The TEC has newly raised the need for Petitioner to complete SOMP before being transferred to a women's facility. To the extent there is any validity to this requirement, Petitioner can complete this programming as a woman among other female sex offenders. The record demonstrates that if she did not have a male anatomy, her risk level would be appropriate for non-residential treatment, which is offered in women's facilities.
At the time the BOP filed its opposition to Petitioner's petition, the TEC had last denied Petitioner's transfer request and recommended monitoring and maximizing hormones and compliance with “recommended programming” with no mention of SOMP. As such, BOP's brief does not address the new justification-that Petitioner complete SOMP-which the TEC only raised in February 2022.
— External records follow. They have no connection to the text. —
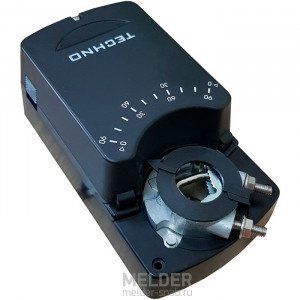 Реверсивный привод TECHNO 24DF/230V 24Нм без пружинного возврата на воздушный клапан + 2 SPDT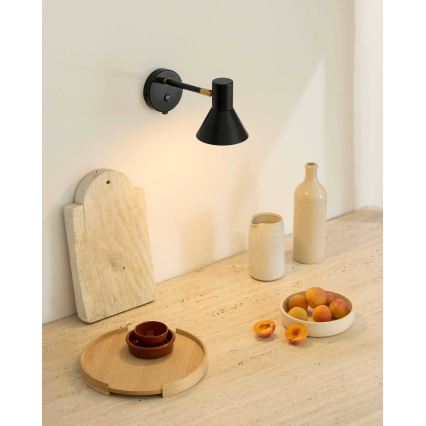 Halo Design 747450 - Zidna svjetiljka STYLE 1xE14/25W/230V crna/mesing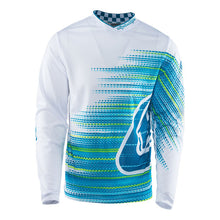 TLD GP Air Lightweight Jersey, White And Blue, Medium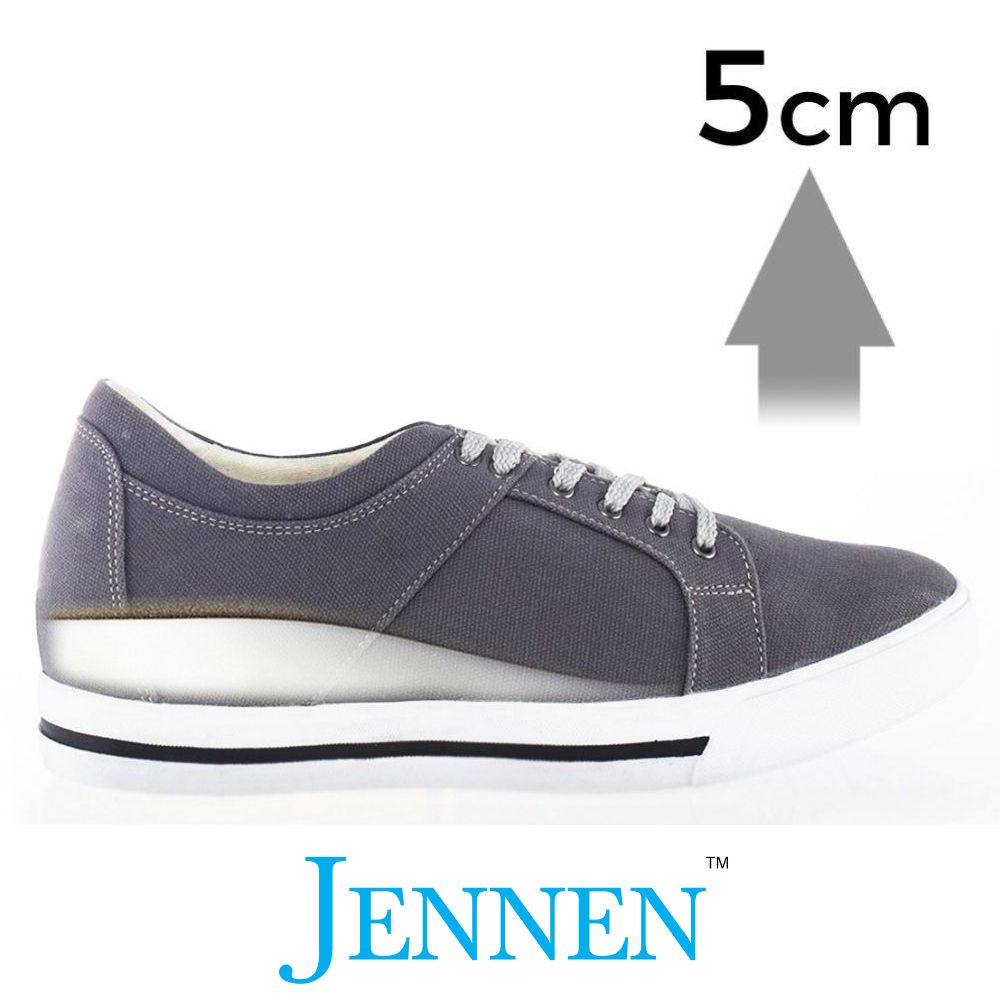 Mr. Bartok Grey 5cm | 2 inches Taller Grey Elevator Skate Style Shoes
The overwhelming evidence suggests that BOP's decision to deny Petitioner a transfer to a women's facility is based on bias and fear and not evidence. It is not reasonably related to the legitimate penological interest of protecting prisoners. The factors that the TEC is required to consider under the 2022 TEC Manual support her transfer, as does the evidence submitted by BOP staff, including three different wardens at FCI Otisville. And as discussed earlier, BOP's “accommodations” are not adequate to address Petitioner's serious medical needs. Accordingly, I conclude that the denial of Petitioner's transfer cannot be excused as an appropriate exercise of BOP's discretion.
CONCLUSION
The BOP has violated Petitioner's Eighth Amendment rights by refusing to transfer her to a women's facility, and that refusal is not reasonably related to legitimate penological interests. I therefore recommend that the Court grant Petitioner's writ and order that she be transferred to a women's facility immediately.
* * *
NOTICE OF PROCEDURE FOR FILING OBJECTIONS TO THIS REPORT AND RECOMMENDATION
The parties shall have fourteen days from the service of this Report and Recommendation to file written objections pursuant to 28 U.S.C. § 636(b)(1) and Rule 72(b) of the Federal Rules of Civil Procedure. See also Fed.R.Civ.P. 6(a), (d) (adding three additional days when service is made under Fed.R.Civ.P. 5(b)(2)(C), (D), or (F)). A party may respond to another party's objections within fourteen days after being served with a copy. Fed.R.Civ.P. 72(b)(2). Such objections shall be filed with the Clerk of the Court, with courtesy copies delivered to the chambers of the Honorable Vernon S. Broderick at the United States Courthouse, 40 Foley Square, New York, New York 10007, and to any opposing parties. See 28 U.S.C. § 636(b)(1); Fed.R.Civ.P. 6(a), 6(d), 72(b). Any requests for an extension of time for filing objections must be addressed to Judge Broderick. The failure to file these timely objections will result in a waiver of those objections for purposes of appeal. See 28 U.S.C. § 636(b)(1); Fed.R.Civ.P. 6(a), 6(d), 72(b); Thomas v. Arn, 474 U.S. 140 (1985).